* [WORKING DATA]

···

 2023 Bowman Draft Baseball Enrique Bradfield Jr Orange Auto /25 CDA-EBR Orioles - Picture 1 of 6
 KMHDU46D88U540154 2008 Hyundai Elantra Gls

···

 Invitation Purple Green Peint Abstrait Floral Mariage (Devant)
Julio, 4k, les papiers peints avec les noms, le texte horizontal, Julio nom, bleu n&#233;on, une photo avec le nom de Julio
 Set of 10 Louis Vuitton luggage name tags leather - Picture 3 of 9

···

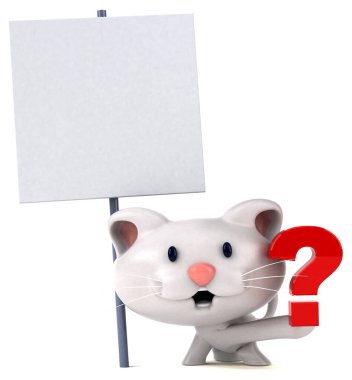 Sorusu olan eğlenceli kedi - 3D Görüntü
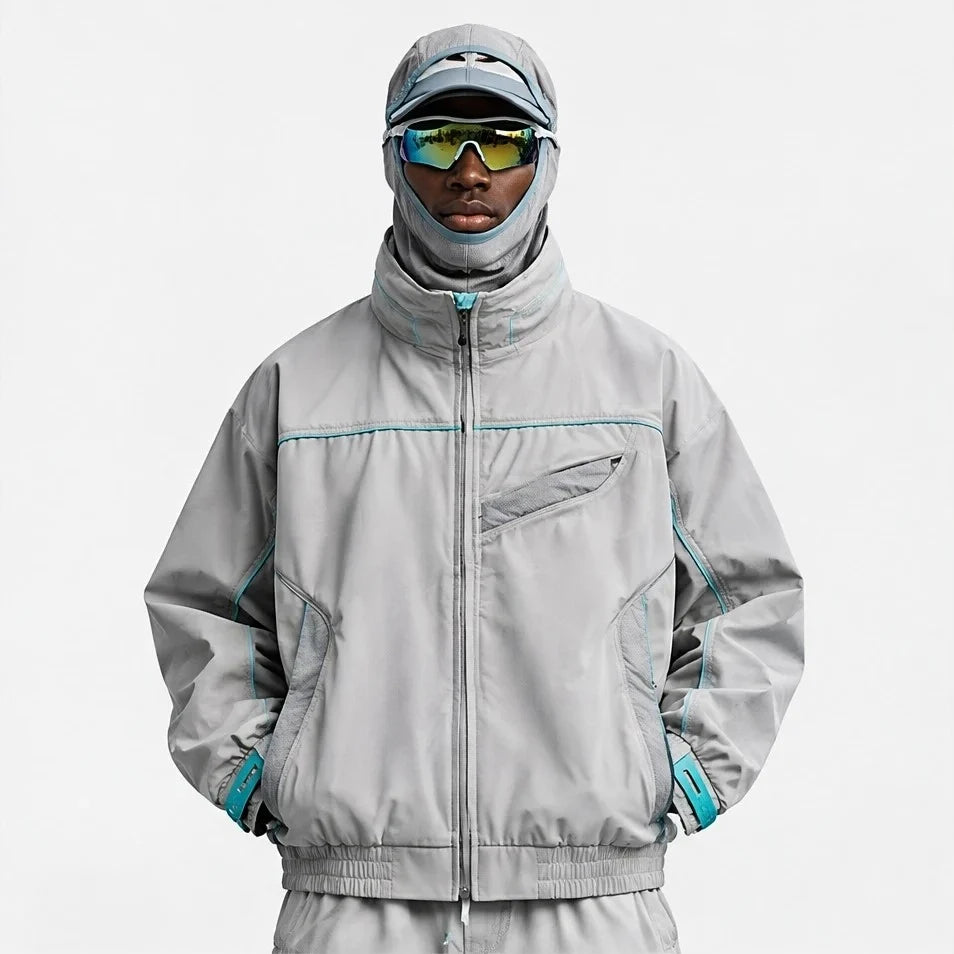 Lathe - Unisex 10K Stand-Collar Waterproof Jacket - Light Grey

···

* [ACTION ITEM]
Could you restate, word for word, the lines above from the one with "Invitation Purple Green" to the one with "Set of 10 Louis", both included?

* [TASK SOLUTION]
 Invitation Purple Green Peint Abstrait Floral Mariage (Devant)
Julio, 4k, les papiers peints avec les noms, le texte horizontal, Julio nom, bleu n&#233;on, une photo avec le nom de Julio
 Set of 10 Louis Vuitton luggage name tags leather - Picture 3 of 9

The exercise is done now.